Ascanio Celestini (né à Rome en 1972) s’est affirmé en une dizaine d’années comme une figure majeure du théâtre-récit, un courant spécifique à l’Italie, dans la lignée de Dario Fo. La dramaturgie classique y cède le pas à l’art du conteur, et le narrateur reprend le rôle de l’intellectuel, c’est-à-dire qu’il devient la mauvaise conscience de son temps. Au-delà de ce courant, les ouvrages d’Ascanio Celestini, publiés depuis quelques années par les prestigieuses éditions Einaudi, ont acquis une véritable dimension romanesque. Largement saluée pour son engagement civil, dans une Italie frappée par le révisionnisme et d’inquiétantes dérives gouvernementales, cette œuvre s’affirme comme une des plus marquantes de ses dix dernières années. D’un point de vue littéraire et politique, on n’avait rien vu de tel ici depuis Pasolini.

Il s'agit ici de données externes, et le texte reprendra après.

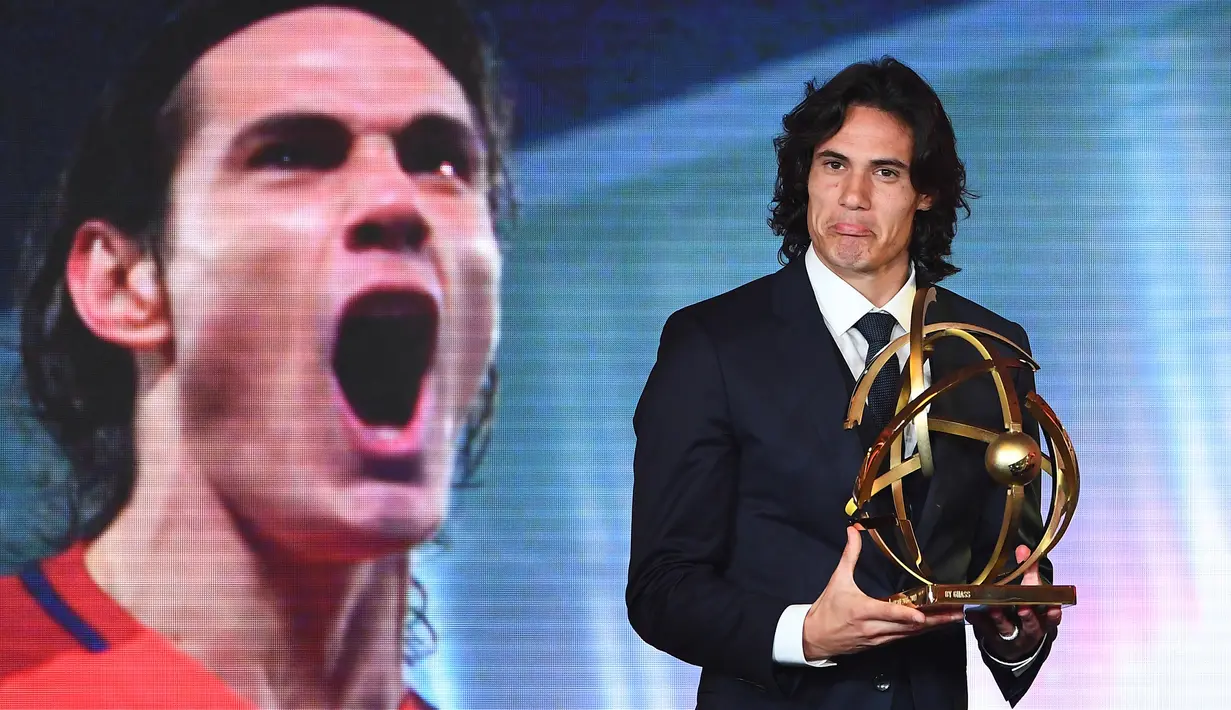 Penyerang PSG Edinson Cavani bereaksi seusai menerima trofi Pemain Terbaik Liga Prancis pada upacara penghargaan yang digelar UNFP di Paris, Senin (15/5). Penghargaan ini jadi yang pertama untuk Cavani sejak datang ke Prancis 2013 silam. (FRANCK FIFE/AFP)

Nicola a peur du noir. Il vit depuis trente-cinq ans dans une « résidence de saints », dont il ne sort qu’une fois par semaine pour aller au centre commercial. Il est né dans les fabuleuses années soixante et il est mort cette année. Nicola ne sait pas qu’il s’appelle Nicola, alors il se parle à lui-même. Pour remettre de la lumière dans son cerveau, il y a l’asile électrique, et le docteur qui est le plus saint de tous.

extrait de "La Brebis galeuse" d’Ascanio Celestini, Éditions du Sonneur, Paris, sortie le 20 janvier 2010.

« Je me souviens que j’étais habillé en lapin.
Je me souviens que c’était un jour de carnaval des années soixante.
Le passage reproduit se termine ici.